I can give you a few numbers off the top of my head that are reasonable results.
SATA HDD (spinning disk) 40-90MB/s
SATA SSD 350-520MB/s
If your results are within the above ranges for the selected storage device this part of the test was successful.
In this section we are going to test the network bandwidth performance between the target computer and the FOG server. This test will involve both sending and receiving data to and from the FOG server from the target computer. The uitlity we will use for this test is called iperf3. The FOS Linux OS running on the target computer already has this utility installed, you will need to install this program on the FOG server because its not installed by default.
For example if your FOG server is running Ubuntu you would install iperf using this command
sudo apt-get install iperf3. That command should work for any debian/ubuntu variant OS.
Once iperf is installed, lets setup the server process.
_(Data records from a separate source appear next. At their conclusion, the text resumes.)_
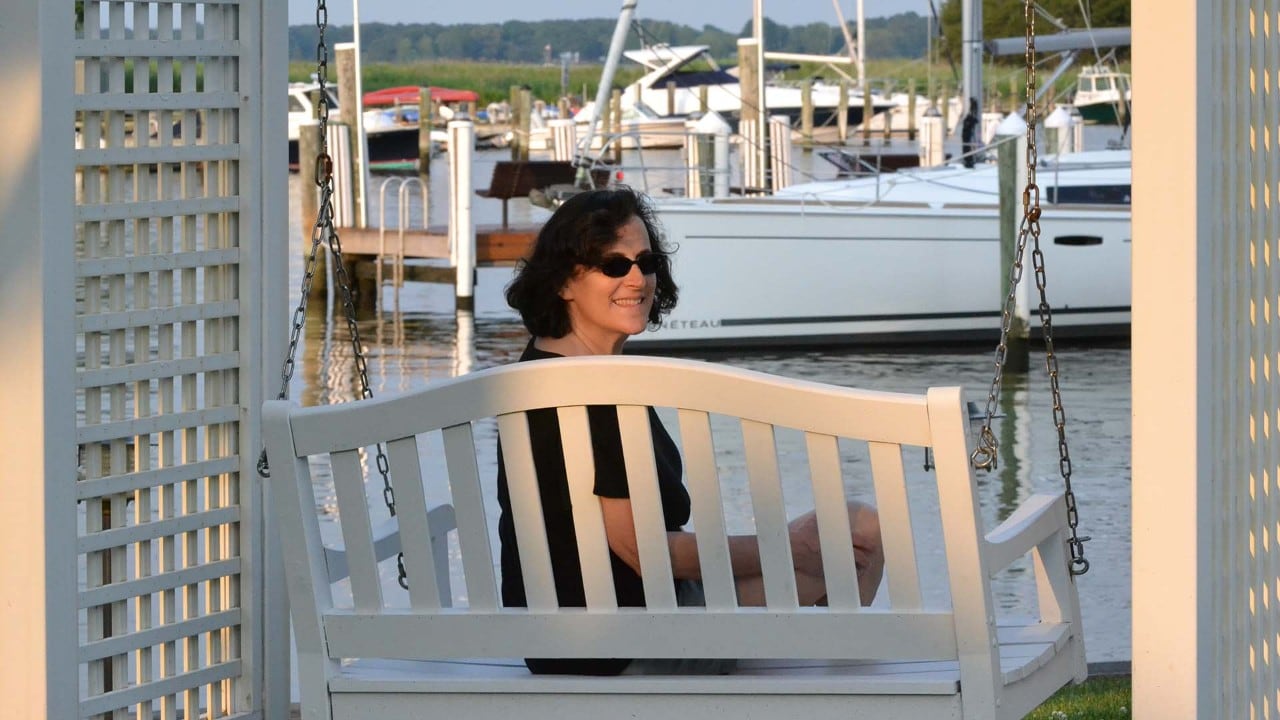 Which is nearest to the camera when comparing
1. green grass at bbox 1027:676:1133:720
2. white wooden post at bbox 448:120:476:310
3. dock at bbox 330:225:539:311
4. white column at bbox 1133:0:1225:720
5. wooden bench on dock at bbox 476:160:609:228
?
white column at bbox 1133:0:1225:720

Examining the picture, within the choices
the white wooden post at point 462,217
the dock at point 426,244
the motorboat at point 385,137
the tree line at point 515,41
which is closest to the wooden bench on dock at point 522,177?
the dock at point 426,244

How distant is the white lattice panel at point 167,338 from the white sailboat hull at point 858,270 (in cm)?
1223

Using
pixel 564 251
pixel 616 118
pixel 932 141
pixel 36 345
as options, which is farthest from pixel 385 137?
pixel 36 345

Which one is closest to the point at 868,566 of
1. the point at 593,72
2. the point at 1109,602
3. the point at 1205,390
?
the point at 1205,390

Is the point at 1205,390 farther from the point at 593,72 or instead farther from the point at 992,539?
the point at 593,72

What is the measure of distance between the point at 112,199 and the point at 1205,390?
204cm

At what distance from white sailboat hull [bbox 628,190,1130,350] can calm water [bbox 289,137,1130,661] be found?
1.11ft

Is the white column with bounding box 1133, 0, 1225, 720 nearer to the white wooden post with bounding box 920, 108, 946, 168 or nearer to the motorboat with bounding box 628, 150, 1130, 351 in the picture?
the motorboat with bounding box 628, 150, 1130, 351

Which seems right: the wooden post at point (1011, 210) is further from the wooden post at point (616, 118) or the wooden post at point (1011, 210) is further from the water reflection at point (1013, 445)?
the wooden post at point (616, 118)

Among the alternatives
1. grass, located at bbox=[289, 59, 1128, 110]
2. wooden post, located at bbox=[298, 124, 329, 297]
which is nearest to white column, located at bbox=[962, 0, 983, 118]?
wooden post, located at bbox=[298, 124, 329, 297]

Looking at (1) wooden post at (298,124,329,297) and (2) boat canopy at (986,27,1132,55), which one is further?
(1) wooden post at (298,124,329,297)

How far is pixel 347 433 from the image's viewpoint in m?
3.07

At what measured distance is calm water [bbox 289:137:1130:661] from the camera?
795 cm

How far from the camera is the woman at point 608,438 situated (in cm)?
313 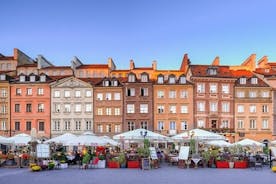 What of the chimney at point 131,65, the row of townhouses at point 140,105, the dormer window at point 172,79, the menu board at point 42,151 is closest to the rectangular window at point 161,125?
the row of townhouses at point 140,105

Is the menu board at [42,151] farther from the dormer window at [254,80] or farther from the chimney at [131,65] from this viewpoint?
the chimney at [131,65]

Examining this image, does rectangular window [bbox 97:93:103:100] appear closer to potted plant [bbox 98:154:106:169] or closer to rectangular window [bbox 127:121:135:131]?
rectangular window [bbox 127:121:135:131]

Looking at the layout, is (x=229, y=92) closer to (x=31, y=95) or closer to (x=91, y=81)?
(x=91, y=81)

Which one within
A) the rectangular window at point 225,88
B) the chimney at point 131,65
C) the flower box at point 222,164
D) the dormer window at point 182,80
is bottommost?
the flower box at point 222,164

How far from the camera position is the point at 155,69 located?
5975 cm

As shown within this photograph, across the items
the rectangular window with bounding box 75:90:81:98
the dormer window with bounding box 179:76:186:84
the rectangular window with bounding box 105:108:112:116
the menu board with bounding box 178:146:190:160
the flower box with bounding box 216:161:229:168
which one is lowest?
→ the flower box with bounding box 216:161:229:168

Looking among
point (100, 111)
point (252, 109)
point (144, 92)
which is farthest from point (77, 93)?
point (252, 109)

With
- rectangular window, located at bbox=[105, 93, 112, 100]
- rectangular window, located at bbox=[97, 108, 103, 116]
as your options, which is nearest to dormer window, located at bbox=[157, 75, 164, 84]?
rectangular window, located at bbox=[105, 93, 112, 100]

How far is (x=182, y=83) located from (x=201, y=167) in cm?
2695

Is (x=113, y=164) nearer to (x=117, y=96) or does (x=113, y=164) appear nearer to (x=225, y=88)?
(x=117, y=96)

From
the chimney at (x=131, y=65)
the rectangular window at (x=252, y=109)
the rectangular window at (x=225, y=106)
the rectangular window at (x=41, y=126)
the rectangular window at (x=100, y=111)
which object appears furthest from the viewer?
the chimney at (x=131, y=65)

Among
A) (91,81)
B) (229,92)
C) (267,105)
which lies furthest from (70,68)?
(267,105)

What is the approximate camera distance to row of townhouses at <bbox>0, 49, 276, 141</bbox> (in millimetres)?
51031

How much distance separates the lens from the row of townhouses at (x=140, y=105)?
5103cm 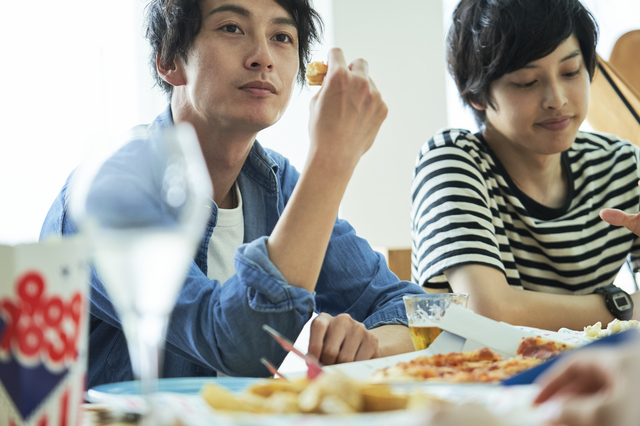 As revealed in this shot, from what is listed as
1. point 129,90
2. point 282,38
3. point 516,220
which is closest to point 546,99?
point 516,220

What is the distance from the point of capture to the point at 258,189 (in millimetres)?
1068

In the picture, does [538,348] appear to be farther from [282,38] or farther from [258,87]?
[282,38]

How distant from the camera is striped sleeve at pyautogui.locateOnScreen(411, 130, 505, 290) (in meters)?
1.15

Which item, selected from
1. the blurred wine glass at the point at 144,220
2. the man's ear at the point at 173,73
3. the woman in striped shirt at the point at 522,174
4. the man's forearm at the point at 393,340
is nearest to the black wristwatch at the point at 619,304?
the woman in striped shirt at the point at 522,174

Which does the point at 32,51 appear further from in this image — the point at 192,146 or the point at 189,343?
the point at 192,146

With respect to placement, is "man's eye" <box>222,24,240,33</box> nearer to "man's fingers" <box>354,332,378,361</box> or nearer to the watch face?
"man's fingers" <box>354,332,378,361</box>

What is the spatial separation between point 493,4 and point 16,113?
5.17 ft

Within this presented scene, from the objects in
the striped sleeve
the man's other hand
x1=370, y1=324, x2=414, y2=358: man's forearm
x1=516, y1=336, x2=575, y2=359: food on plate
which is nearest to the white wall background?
the striped sleeve

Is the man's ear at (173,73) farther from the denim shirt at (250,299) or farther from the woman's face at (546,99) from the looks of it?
A: the woman's face at (546,99)

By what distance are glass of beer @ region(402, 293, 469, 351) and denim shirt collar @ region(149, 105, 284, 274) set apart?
0.42 metres

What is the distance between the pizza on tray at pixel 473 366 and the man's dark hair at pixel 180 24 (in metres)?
0.73

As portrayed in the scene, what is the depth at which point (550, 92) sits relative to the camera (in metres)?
1.24

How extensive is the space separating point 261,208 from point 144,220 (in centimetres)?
80

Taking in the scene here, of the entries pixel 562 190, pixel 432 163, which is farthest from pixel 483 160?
pixel 562 190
On the FOG server from a linux console key in the following command:
# iperf3 -s ----------------------------------------------------------- Server listening on <fog_server_ip> -----------------------------------------------------------
This will startup the server service running on the FOG server. For the rest of the testing you will not need to interact with the FOG server until its time to stop the
iperf3service on the FOG server using Ctrl-C command.
If the target computer is not already in debug mode, put the target computer into debug mode following the process in the first post. Now lets proceed with testing the network connection.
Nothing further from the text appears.